### Work instructions
Of all the lines below, output only those starting at the one with "JLab Go Pop" and ending at the one with "Waterproof Pet Playpen", both ends included, exactly as written.

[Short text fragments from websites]

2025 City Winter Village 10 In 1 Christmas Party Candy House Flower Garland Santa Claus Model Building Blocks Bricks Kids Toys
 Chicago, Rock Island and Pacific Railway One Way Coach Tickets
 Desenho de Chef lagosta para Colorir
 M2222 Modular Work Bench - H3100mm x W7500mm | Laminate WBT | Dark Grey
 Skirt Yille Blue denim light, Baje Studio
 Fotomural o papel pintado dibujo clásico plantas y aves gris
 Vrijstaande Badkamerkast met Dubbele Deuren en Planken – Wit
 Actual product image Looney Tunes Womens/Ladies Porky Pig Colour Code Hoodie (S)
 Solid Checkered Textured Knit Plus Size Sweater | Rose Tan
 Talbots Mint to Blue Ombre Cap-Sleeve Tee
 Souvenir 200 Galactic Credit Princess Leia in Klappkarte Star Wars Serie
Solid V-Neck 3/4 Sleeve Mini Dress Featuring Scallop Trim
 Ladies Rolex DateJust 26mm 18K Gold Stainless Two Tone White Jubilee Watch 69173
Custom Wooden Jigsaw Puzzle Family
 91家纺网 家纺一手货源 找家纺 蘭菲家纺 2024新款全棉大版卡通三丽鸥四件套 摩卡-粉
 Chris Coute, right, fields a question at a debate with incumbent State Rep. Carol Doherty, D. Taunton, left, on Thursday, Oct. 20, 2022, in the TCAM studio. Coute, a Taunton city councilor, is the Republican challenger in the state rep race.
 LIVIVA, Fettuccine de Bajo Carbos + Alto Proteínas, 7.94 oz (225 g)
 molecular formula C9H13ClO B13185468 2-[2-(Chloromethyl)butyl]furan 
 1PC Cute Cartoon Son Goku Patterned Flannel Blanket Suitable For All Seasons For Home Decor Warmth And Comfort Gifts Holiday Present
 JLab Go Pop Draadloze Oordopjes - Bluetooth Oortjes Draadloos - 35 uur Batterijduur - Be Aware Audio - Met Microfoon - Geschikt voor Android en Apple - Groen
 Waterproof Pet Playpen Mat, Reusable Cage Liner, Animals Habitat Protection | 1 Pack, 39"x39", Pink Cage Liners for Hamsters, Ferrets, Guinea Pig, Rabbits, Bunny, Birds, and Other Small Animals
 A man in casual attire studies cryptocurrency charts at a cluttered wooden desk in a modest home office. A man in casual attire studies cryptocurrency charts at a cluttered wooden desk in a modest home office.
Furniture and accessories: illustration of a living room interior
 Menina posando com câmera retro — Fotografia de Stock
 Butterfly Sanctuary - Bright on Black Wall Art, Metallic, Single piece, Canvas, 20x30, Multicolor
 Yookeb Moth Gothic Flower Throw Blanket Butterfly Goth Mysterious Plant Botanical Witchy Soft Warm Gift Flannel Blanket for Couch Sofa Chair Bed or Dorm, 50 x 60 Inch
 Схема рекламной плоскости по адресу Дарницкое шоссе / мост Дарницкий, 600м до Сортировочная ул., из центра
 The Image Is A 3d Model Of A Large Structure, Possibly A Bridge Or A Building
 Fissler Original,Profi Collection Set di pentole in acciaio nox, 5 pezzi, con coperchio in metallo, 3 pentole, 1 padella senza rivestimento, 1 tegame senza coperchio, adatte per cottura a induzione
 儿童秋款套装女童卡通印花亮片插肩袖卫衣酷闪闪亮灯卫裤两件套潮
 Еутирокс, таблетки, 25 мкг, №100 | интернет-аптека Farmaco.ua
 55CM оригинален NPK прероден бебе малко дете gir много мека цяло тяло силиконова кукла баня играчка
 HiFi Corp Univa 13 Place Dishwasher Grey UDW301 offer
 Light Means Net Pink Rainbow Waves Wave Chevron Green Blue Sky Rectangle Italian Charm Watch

### Problem solution
 JLab Go Pop Draadloze Oordopjes - Bluetooth Oortjes Draadloos - 35 uur Batterijduur - Be Aware Audio - Met Microfoon - Geschikt voor Android en Apple - Groen
 Waterproof Pet Playpen Mat, Reusable Cage Liner, Animals Habitat Protection | 1 Pack, 39"x39", Pink Cage Liners for Hamsters, Ferrets, Guinea Pig, Rabbits, Bunny, Birds, and Other Small Animals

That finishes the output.